Для Набокова воплощением пошлости был юный атлет, покрывший золотой краской двух лебедей и плывущий с ними в обнимку по озерной глади к окнам своей любимой. Впрочем, ссылаться на Набокова – тоже пошло. У меня в запасе есть свой, не такой вычурный эталон пошлости: это главная тема первой части Пятой симфонии Бетховена, про которую всем, кто учился в средней школе, известно, что так судьба стучится в дверь.
Стук судьбы столько раз имитировался всевозможными революциями, путчами, терактами – которым вторило и искусство, опьяняющее себя галлюцинаторным ощущением причастности к мировому пульсу, – что к концу прошлого века очень захотелось пожить в мире без судьбы. И без пульса. О чем среди прочих заявил Фрэнсис Фукуяма, тоже пошлейший тип, но в несколько другом, чем Бетховен, смысле.
Если вслушаться в оставленное мировой литературой многоголосое эхо, то почти отовсюду до нас будет доноситься этот назойливый стук. Патетическим он уже не кажется.
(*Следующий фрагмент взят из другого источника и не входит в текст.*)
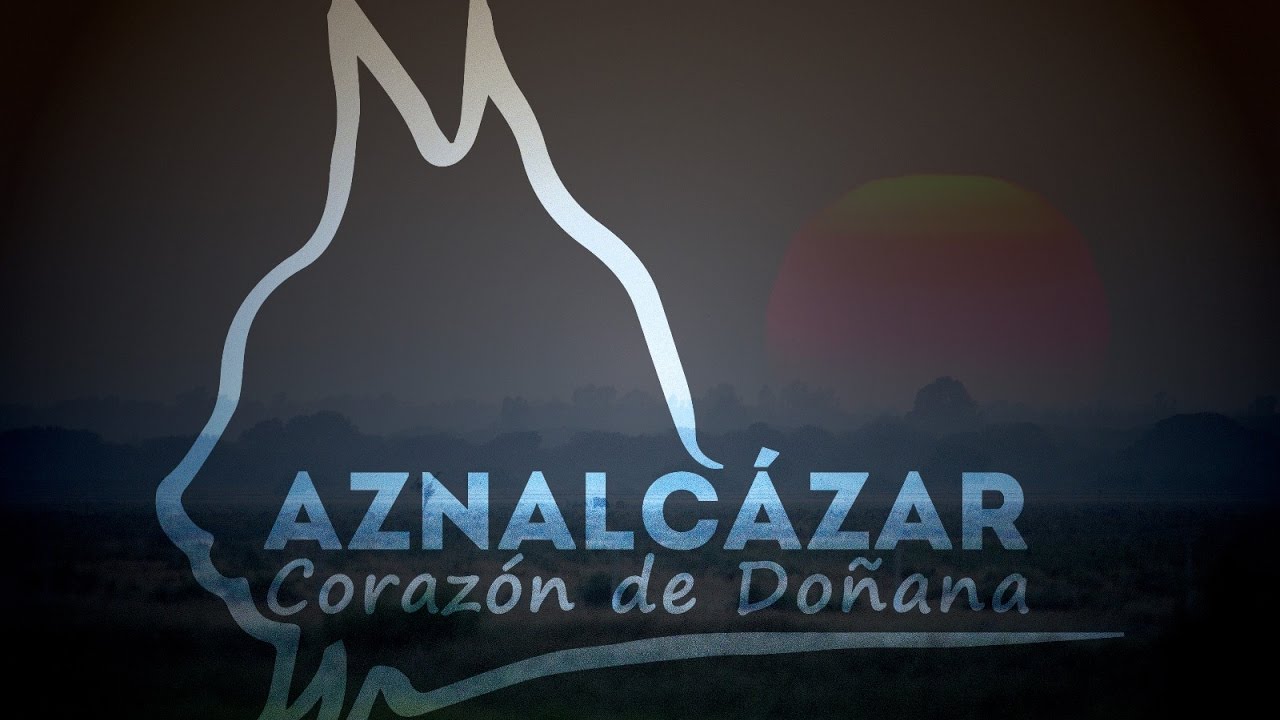 Presentación marca 'Aznalcazar corazón de Doñana' en FITUR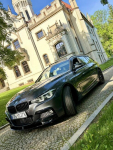 Bmw f31 m sport Jasło - zdjęcie 5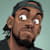 Najeem F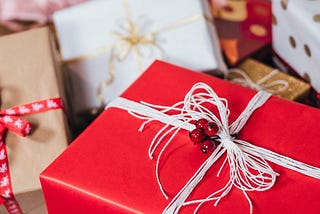 7 Awesome Gift Ideas for Secret Santa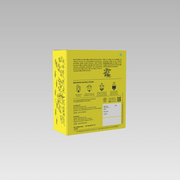 Assorted Drip Bags | Pack of 5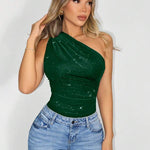 1744767908cca75ff2aa49eccad6ca42da73328fe0_thumbnail_900x.webp
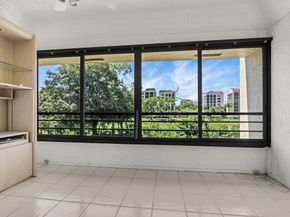 7472 La Paz Boulevard 306, Boca Raton FL 33433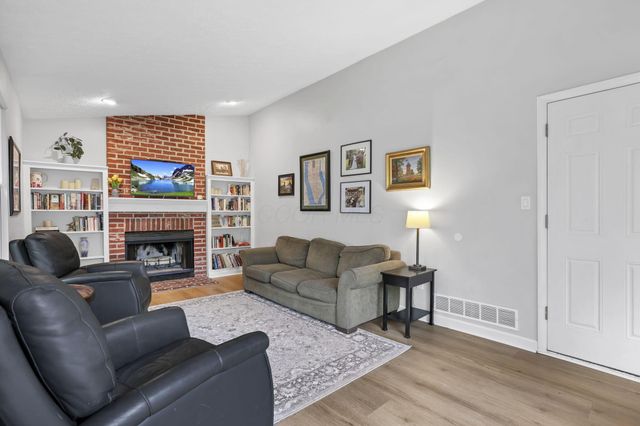 361 Brandy Hill Avenue, Pickerington, OH 43147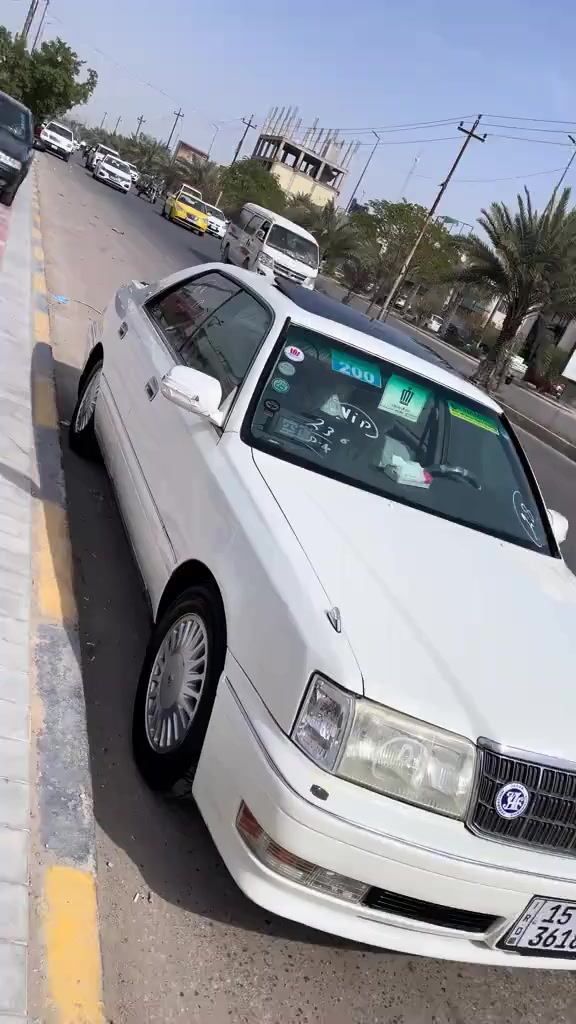 سلام عليكم رأس الثور فلات للبيع المكان كوفه شارع المعمل
مديل 2000 اصل
مكينه 3000 فيشه وبطل اسود
كشنات كهرباء
فتحه قماره السياره
غرفه عسليه دشبول عسلي 2000
سنويه لل 2030 تنتهي بسمي
مداور ثاني يوم
مكفوله من لضربه لقويه
 ضرر لسياره كص لجاملغ امامي فقط
*********** الاستفسار
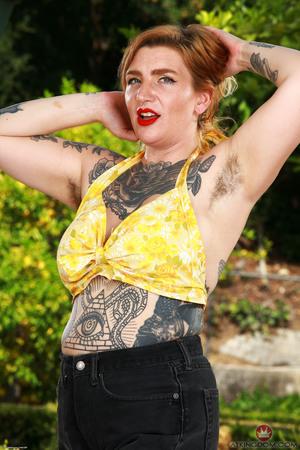 Original 2000 px/ 3000 px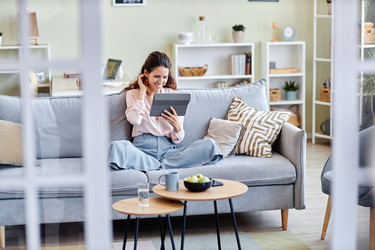 Similar image 21599307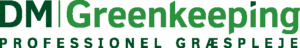 DMGreenkeeping_logo_ver2_cmyk.2022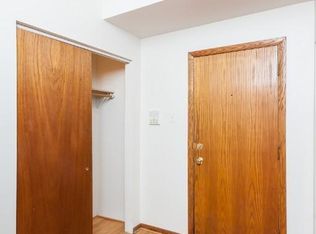 1022 N Oakley Blvd #1125, Chicago, IL 60622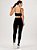 Calça Fitness Soft Feminina - Imagem 6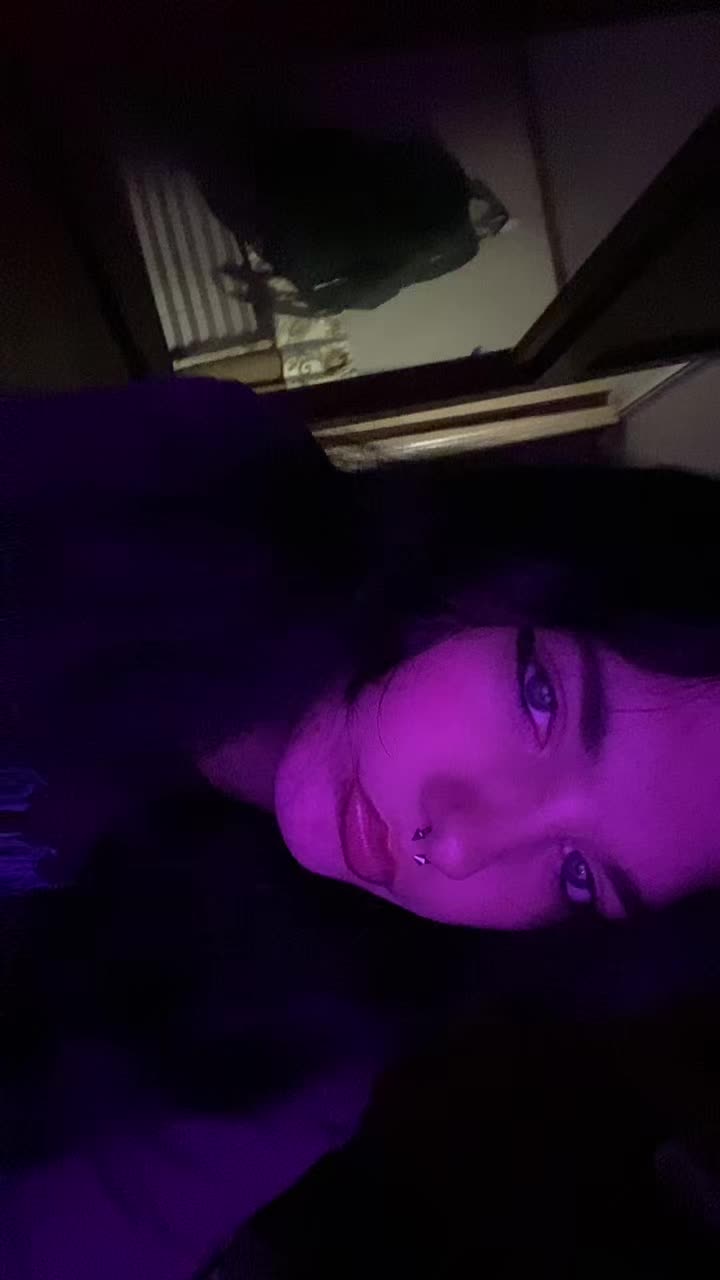 @⛓️🖤Rachell🖤⛓️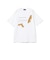 【別注】U/MUSIC × IG / UNDERSONG Nine Inch Nails グラフィック Tシャツ 1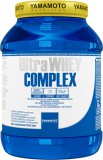 Yamamoto Ultra Whey Complex (0,7 kg)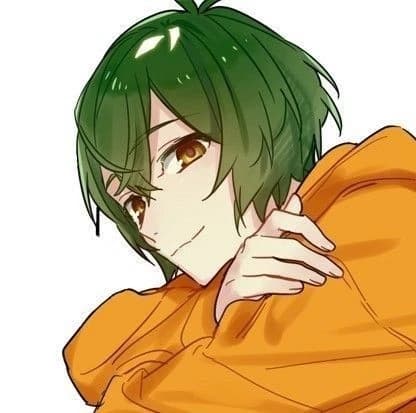 Shu Iura thumbnail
Вместо оркестровых барабанов – бренчание старых дырявых корыт, приспособленных под шаманские нужды; и сложно сказать, то ли это изначальный акустический дефект, то ли влияние шума в поистертых каналах связи.
Начиная с Гомера, через блаженного Августина к Гете, Достоевскому и Уэльбеку... кажется, вся мировая литература нанизана на этот бетховенский контрапункт. Небесные, исторические, социальные силы вторгаются в жизнь героев и ломают их на корню: это, пожалуй, и есть прасюжет «высокой литературы». Но с течением времени в трагедийном лике все отчетливее проглядывает опереточная ухмылка; античный хор начинает подозрительно напоминать кордебалет. После чего весь этот амфитеатр судьбы на глазах оборачивается балаганом, резко коллапсирует и рассыпается.
Потому что понятно: жизнь не такова. Судьбы не скрывают никаких секретных кодов, они не являются воплощением трансцендентных громов и молний; не ломятся они ни в уильямблейковскую, ни в бетховенскую дверь. Судьба молчалива, и не потому, что в отличие от симфонического оркестра мудра, а просто говорить ей нечем и не о чем. И литература, которую я по привычке называю хорошей (имея в виду просто то, что она мне нравится), в том и состоит, что настраивает читателя на восприятие тишины – и глухоты – мира. Сквозь эту тишину проталкивается, продавливается, почти незаметно обволакивая нас, как в бреду или замедленной съемке, судьба.
Писателей, которые дают это почувствовать, единицы. Например, Чехов. Отчасти Петер Штамм. Определенно Пол Боулз.